Yet you wouldn’t know it in Washington where, if anything, the Obama administration and Congress have interpreted the killing of al-Qaida’s leader as a virtual license to double down on every “front” in the war on terror. Secretary of State Hillary Clinton was no less blunt than Bergen, but with quite a different endpoint in mind. “Even as we mark this milestone,” she said on the day Bergen’s comments were published, “we should not forget that the battle to stop al-Qaida and its syndicate of terror will not end with the death of bin Laden. Indeed, we must take this opportunity to renew our resolve and redouble our efforts.”

National Security Adviser John Brennan concurred. “This is a strategic blow to al-Qaida,” he commented in a White House press briefing. “It is a necessary but not necessarily sufficient blow to lead to its demise. But we are determined to destroy it.” Similarly, at his confirmation hearings to become Secretary of Defense, CIA Director Leon Panetta called for Washington to expand its shadow wars. “We’ve got to keep the pressure up,” he told the senators.

As if to underscore the policy implications of this commitment to “redoubling our efforts,” drone aircraft were dispatched on escalating post-bin-Laden assassination runs from Yemen (including a May 6th failed attempt on American al-Qaida follower Anwar al-Awlaki) to Pakistan. There, on May 23rd, a drone failed to take out Taliban leader Mullah Omar, while, on June 2nd, an attempt to kill Ilyas Kashmiri, a militant associated with the 2008 terrorist attack on Mumbai, India, may (or may not) have failed. And those were only the most publicized of escalating drone attacks, while reports of a major “intensification” of the drone campaign in Yemen are pouring in.

In the meantime, President Obama used the bin Laden moment to push through and sign into law a four-year renewal of the Patriot Act, despite bipartisan resistance in Congress and the reservations of civil liberties groups. They had stalled its passage earlier in the year, hoping to curtail some of its particularly onerous sections, including the “lone wolf” provision that allows surveillance of non-US citizens in America, even if they have no ties to foreign powers, and the notorious Section 215, which grants the FBI authority to obtain library and business records in the name of national security.
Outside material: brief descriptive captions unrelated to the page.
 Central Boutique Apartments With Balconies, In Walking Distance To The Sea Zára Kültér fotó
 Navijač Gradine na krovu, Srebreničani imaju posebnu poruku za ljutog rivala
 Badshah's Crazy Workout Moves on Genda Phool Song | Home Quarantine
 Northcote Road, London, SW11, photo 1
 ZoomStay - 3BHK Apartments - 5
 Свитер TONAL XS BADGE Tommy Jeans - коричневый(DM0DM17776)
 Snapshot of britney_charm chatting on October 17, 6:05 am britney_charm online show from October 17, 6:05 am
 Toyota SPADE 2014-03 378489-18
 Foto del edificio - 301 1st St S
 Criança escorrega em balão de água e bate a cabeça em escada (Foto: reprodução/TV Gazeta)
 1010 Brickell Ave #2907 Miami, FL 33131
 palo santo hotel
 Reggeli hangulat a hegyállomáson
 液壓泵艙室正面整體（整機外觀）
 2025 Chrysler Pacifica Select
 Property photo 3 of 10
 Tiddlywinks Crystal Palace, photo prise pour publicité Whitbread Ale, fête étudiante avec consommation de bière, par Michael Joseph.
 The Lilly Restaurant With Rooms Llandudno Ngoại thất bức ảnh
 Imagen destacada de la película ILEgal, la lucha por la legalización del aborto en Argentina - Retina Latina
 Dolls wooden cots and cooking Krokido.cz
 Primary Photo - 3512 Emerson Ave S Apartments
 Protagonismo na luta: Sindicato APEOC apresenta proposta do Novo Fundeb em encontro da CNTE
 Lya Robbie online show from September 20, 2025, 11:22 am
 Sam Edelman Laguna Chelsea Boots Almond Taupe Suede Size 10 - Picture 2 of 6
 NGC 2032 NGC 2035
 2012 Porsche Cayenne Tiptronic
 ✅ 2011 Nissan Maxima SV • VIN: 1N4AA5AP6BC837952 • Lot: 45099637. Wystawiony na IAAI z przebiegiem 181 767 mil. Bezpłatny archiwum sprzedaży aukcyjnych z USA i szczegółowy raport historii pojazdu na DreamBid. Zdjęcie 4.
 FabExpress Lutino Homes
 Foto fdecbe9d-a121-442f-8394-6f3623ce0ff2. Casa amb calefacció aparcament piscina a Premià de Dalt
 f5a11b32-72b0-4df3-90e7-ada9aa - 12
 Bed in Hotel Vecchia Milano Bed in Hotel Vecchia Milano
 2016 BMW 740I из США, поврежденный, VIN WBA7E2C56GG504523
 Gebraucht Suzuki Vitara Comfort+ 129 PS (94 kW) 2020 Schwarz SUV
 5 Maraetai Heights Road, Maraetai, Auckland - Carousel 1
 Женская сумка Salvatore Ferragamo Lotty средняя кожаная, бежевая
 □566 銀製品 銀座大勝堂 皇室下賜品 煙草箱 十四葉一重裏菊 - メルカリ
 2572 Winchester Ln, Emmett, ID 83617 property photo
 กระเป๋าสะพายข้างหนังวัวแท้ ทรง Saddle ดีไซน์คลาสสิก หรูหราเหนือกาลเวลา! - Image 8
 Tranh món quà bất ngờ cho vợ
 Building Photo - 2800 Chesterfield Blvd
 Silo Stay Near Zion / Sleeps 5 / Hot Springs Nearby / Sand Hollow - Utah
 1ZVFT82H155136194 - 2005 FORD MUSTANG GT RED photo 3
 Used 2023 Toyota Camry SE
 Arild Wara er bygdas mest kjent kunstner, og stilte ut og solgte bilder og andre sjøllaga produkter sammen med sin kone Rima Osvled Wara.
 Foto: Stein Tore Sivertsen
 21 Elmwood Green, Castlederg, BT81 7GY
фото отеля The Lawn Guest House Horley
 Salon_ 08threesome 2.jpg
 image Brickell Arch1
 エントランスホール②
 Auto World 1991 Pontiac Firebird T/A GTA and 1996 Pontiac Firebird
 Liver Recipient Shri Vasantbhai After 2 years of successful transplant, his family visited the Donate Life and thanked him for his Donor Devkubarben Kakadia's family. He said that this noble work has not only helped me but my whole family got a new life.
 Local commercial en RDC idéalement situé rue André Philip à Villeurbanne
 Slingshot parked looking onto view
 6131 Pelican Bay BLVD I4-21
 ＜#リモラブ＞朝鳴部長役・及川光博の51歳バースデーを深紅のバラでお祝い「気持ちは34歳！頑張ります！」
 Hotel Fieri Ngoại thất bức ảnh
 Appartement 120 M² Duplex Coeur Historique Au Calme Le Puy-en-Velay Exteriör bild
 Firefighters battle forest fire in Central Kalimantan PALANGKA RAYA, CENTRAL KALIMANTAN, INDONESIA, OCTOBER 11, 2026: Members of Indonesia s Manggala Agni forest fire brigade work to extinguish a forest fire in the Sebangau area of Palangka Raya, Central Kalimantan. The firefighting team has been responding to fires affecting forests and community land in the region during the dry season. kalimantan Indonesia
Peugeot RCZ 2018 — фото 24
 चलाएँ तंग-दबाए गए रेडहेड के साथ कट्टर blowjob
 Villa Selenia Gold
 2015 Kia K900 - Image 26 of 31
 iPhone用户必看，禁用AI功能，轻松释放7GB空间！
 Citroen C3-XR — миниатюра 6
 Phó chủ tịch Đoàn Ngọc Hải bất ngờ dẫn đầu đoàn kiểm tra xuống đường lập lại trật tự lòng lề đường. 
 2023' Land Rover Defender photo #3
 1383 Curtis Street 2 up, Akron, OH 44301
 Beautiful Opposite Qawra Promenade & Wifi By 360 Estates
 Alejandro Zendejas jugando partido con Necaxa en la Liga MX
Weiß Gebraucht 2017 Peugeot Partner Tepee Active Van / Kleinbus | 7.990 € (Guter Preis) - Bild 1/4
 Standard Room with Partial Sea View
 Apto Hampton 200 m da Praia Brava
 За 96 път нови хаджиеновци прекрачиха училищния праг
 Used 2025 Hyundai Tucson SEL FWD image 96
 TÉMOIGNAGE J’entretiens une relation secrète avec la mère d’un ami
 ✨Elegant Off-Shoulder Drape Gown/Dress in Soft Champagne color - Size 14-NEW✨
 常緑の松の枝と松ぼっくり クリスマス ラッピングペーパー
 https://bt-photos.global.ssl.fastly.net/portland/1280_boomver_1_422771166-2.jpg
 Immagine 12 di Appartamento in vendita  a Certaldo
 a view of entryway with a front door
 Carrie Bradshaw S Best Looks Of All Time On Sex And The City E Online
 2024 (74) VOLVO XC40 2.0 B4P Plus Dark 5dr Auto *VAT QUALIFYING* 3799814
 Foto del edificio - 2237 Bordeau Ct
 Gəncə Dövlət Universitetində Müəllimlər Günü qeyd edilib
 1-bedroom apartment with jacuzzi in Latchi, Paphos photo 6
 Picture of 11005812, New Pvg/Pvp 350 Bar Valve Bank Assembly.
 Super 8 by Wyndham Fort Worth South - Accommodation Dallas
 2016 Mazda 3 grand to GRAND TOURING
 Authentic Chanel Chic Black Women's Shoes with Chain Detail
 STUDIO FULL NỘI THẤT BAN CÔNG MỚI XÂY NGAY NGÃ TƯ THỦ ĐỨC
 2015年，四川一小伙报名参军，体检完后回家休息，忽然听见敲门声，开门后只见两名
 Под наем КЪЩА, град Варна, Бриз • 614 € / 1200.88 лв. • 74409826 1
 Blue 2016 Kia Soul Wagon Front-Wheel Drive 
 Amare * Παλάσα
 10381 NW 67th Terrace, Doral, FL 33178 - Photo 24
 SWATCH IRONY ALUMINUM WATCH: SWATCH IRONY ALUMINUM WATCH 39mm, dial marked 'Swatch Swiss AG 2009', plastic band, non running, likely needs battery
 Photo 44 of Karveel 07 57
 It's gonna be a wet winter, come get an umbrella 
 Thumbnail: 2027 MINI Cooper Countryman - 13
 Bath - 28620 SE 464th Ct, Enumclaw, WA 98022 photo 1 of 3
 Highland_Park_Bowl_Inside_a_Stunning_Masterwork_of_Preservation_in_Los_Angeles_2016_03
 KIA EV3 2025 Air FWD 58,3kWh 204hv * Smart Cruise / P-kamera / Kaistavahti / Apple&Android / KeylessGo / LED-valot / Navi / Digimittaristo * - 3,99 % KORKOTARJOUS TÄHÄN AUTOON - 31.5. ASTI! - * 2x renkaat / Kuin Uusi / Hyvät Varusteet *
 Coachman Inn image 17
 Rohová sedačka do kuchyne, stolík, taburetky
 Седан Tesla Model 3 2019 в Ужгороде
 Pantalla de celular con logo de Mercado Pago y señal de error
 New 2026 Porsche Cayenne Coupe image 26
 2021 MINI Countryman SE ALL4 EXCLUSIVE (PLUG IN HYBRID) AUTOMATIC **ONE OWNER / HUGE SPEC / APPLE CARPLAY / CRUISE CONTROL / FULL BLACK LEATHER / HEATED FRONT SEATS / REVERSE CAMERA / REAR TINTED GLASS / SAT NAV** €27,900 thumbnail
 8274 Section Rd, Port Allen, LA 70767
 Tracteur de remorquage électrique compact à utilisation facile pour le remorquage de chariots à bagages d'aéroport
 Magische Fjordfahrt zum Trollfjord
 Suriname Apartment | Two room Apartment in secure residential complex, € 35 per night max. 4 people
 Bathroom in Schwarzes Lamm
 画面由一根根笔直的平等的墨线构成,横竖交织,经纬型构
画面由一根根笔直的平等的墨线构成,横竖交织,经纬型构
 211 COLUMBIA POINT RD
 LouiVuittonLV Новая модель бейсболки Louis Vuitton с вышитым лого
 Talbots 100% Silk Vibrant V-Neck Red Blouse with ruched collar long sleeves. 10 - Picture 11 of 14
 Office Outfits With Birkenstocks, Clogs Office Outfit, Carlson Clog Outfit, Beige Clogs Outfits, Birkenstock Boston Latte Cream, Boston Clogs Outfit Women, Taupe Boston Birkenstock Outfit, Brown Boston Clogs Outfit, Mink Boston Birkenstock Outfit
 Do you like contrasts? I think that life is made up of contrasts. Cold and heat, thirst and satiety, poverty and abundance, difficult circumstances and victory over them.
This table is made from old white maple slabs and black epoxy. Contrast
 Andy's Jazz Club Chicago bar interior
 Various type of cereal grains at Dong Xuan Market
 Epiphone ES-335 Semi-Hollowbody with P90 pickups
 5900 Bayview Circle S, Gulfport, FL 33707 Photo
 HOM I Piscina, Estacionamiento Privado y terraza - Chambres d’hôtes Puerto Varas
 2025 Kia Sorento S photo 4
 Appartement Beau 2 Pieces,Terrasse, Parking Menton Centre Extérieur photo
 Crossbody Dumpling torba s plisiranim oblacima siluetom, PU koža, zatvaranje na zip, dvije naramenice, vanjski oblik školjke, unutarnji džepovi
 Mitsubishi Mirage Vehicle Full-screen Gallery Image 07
One thing could not be doubted. The administration was visibly using the bin Laden moment to renew George W. Bush’s Global War on Terror (even if without that moniker). And let’s not forget about the leaders of Congress, who promptly accelerated their efforts to ensure that the apparatus for the war that 9/11 started would never die. Congressman Howard McKeon (R-CA), chairman of the House Armed Services Committee, was typical. On May 9th, he introduced legislation meant to embed in law the principle of indefinite detention without trial for suspected terrorists until “the end of hostilities.” What this would mean, in reality, is the perpetuation ad infinitum of that Bush-era creation, our prison complex at Guantanamo (not to speak of our second Guantanamo at Bagram Air Base in Afghanistan).

In other words, Washington now seems to be engaged in a wholesale post-bin Laden ratification of business as usual, but this time on steroids.

Perhaps after all these years the nation’s leadership was simply unprepared for bin Laden’s death and hasn’t been able to imagine switching directions readily, or perhaps the war on terror has simply become a way of life. Certainly, the Obama administration has a record of translating potentially propitious moments for change into strategic paralysis.

Remember, for instance, the president’s day-one-in-the-Oval-Office pledge to close Guantanamo within a year? Six months later, the administration had doubled down on the idea of the indefinite detention of terror suspects and so effectively made Obama’s promise meaningless. It’s a pattern that’s repeated itself when it comes to the Afghan War, the trial in New York City of 9/11 “mastermind” Khalid Sheik Mohammed, and other crucial matters.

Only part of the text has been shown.